Economist made the winning case against Tyson

AgricultureOnline

02/17/2004 03:35 p.m.CDT

Economist made the winning case against Tyson

By Dan Looker

Business Editor

Successful Farming magazine

Lawyers tend to get the glory in any historic court case, which the Pickett case could be if it survives appeals. But in the verdict reached against Tyson Fresh Meats in Montgomery, Alabama today, it may have been an economist who made all the difference.

The plaintiffs’ expert witness, Auburn University economist Robert Taylor, showed that Tyson and its predecessor, IBP, used captive supplies of cattle to depress prices paid to producers in the open market by between 3% and 7.6%. The jury chose the lowest estimate of damages, 3%, which comes out to $1.28 billion in lost revenue for some 30,000 producers who sold cattle to the company only on the cash market from early 1994 and through October, 2002.

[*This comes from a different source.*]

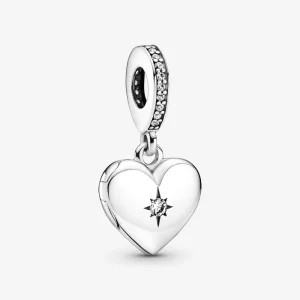 (image pour) Pendentif Charm Médaillon Cœur Ouvert PANDORA - 799537C01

Michael Stumo, an attorney for the Organization for Competitive Markets who worked with the plaintiffs_ lawyers, said that Taylor is the only economist who has seen eight years of internal price records from IBP and Tyson. The company had to disclose that information during the lawsuit.

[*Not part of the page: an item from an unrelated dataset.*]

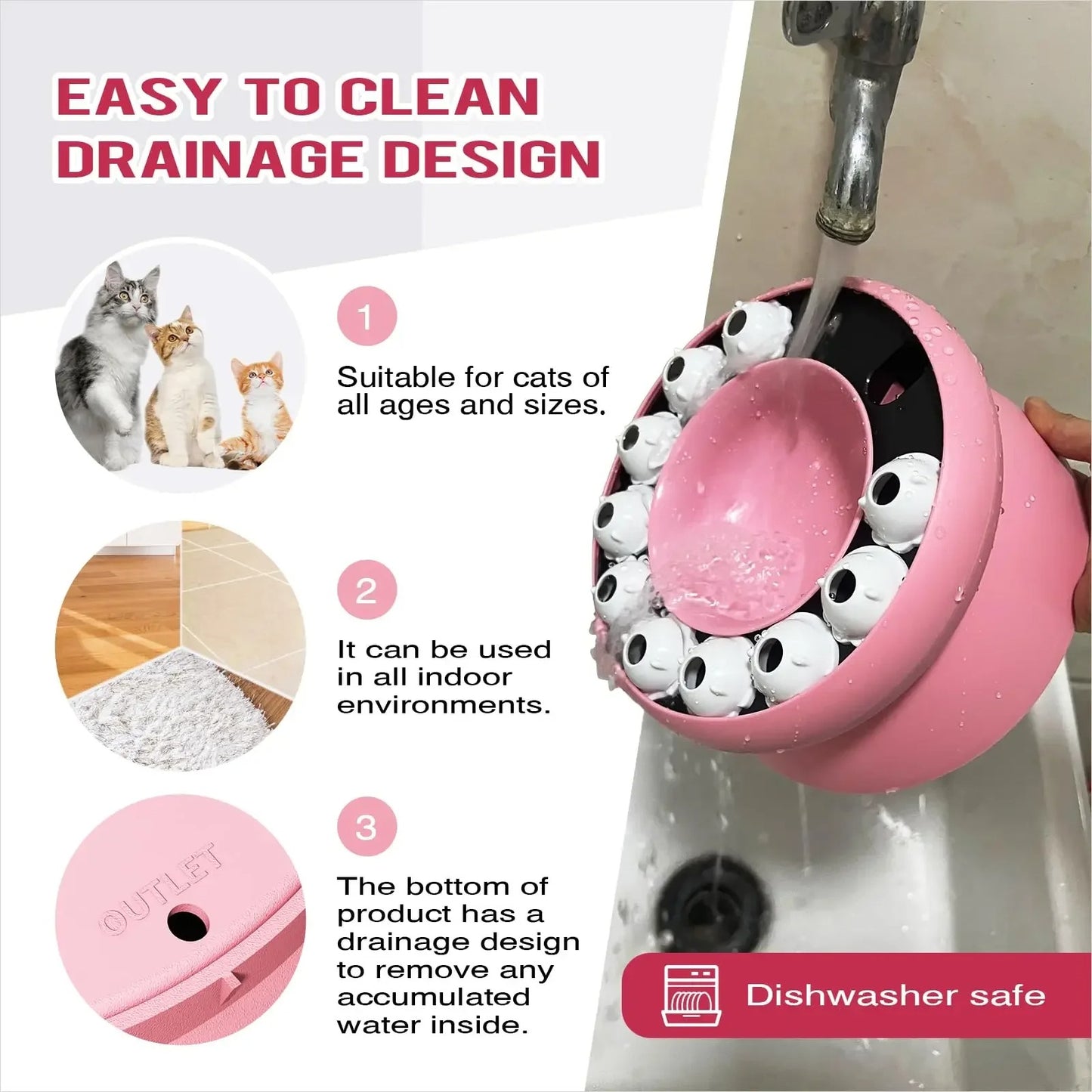 Cat Toys Puzzles Feeder Rotating Slow Feeder Interactive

In the end, all of the justification often used for captive supply, such as assuring better beef quality or increasing efficiency in the marketplace, didn’t convince the jury, Stumo said.

“The jury said it was pretext, it was contrived, it wasn’t true,” Stumo said.

“Everything that the American Meat Institute and all the economists on the packer payroll have said, finally, when they had to prove it, they couldn’t,” Stumo said.

Taylor had the beef packer’s internal records on prices paid to producers for eight years, “everyone else was just working off of the claims of packer executives and aggregate, publicly reported data,” Stumo said.